▶ DESCRIPTION OF THE TASK
Each line of the data must be written out again verbatim; no image belongs in the copy.

▶ RECORDED DATA
————————
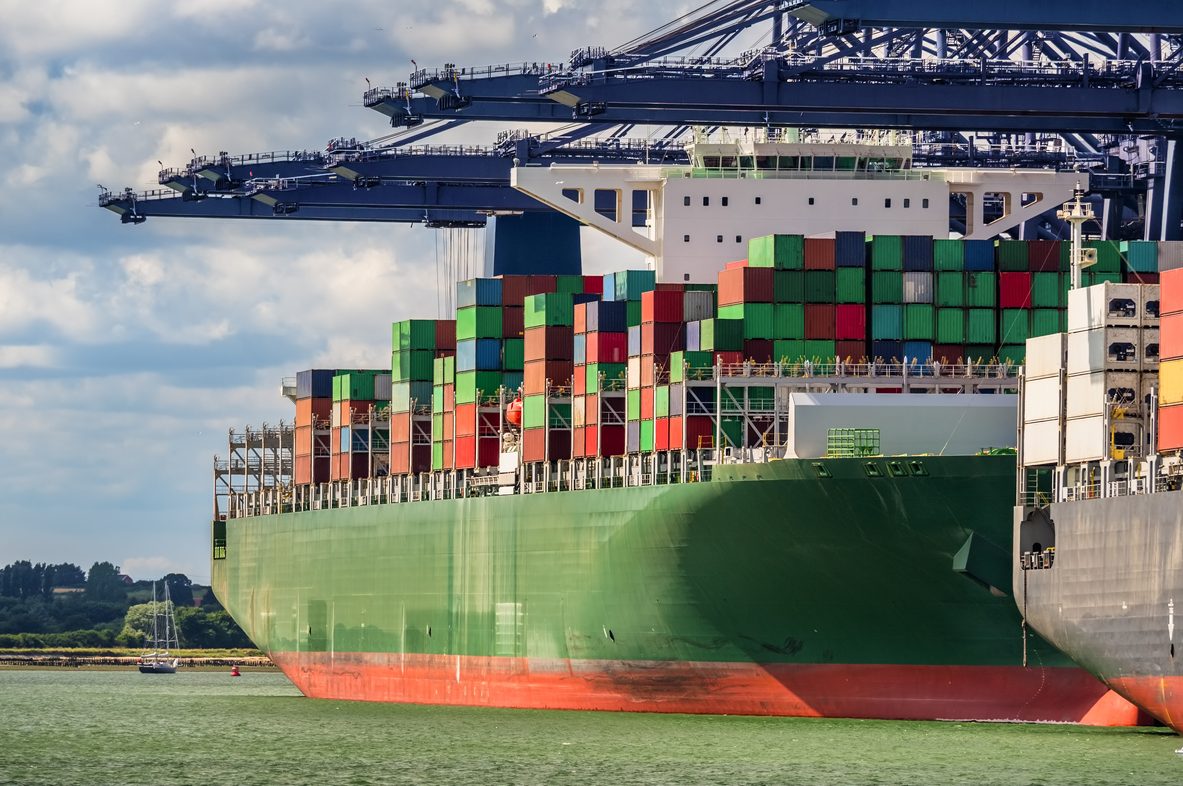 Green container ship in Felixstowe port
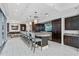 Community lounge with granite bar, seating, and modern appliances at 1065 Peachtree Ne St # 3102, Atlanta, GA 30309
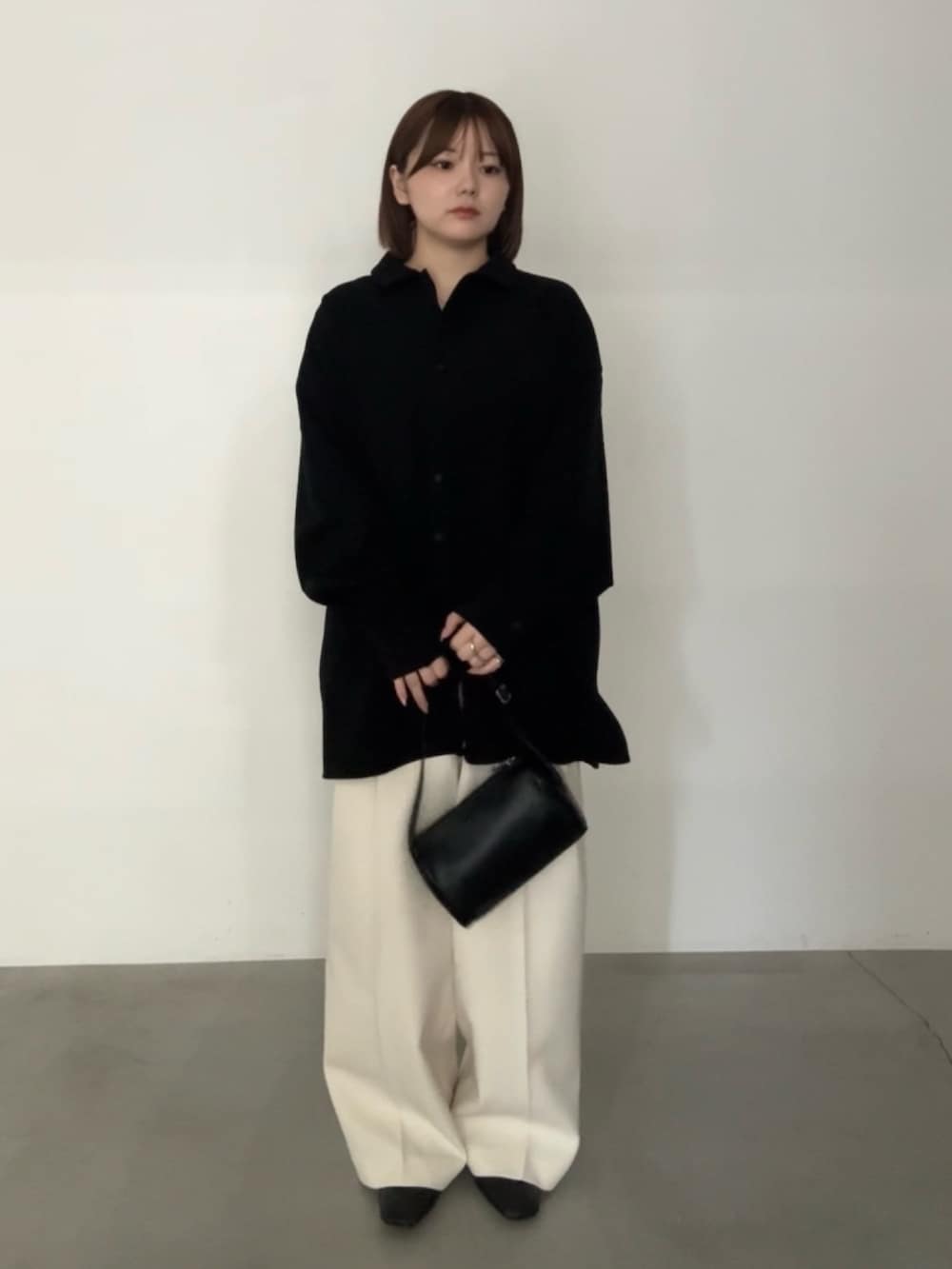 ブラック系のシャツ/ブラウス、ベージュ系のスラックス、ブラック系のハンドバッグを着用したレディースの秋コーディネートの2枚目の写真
————————
▶ FINISHED TASK
 Green container ship in Felixstowe port
 Community lounge with granite bar, seating, and modern appliances at 1065 Peachtree Ne St # 3102, Atlanta, GA 30309
 ブラック系のシャツ/ブラウス、ベージュ系のスラックス、ブラック系のハンドバッグを着用したレディースの秋コーディネートの2枚目の写真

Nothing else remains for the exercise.